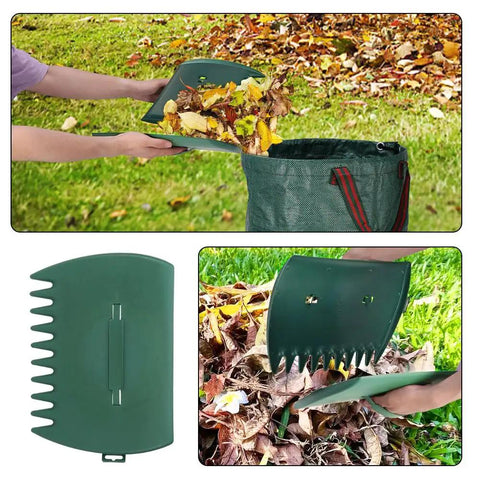 Two Piece Leaf Scoops Hand Rakes For Fast Yard Cleanup Lightweight Leaf Grabber Rake To Gather Leaves Grass Clippings Mulch Trash Debris Garden Shovel Tool For Easy Clear And Collect In One Pass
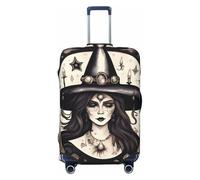 HJLUUFT Magic Witch Witchcraft Bohemian Print Travel Luggage Cover Protector Valigie Lavabile Copertura Bagagli Antigraffio, Nero , S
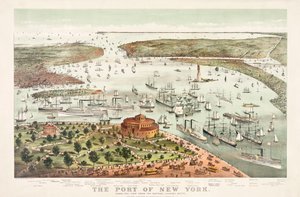 A New York-i kikötő – Currier & Ives alkotó: Currier and Ives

▶ [Task goal] What you return should be the full listing, unchanged, minus the pictures.

▶ [Response box]
 Two Piece Leaf Scoops Hand Rakes For Fast Yard Cleanup Lightweight Leaf Grabber Rake To Gather Leaves Grass Clippings Mulch Trash Debris Garden Shovel Tool For Easy Clear And Collect In One Pass
 HJLUUFT Magic Witch Witchcraft Bohemian Print Travel Luggage Cover Protector Valigie Lavabile Copertura Bagagli Antigraffio, Nero , S
 A New York-i kikötő – Currier & Ives alkotó: Currier and Ives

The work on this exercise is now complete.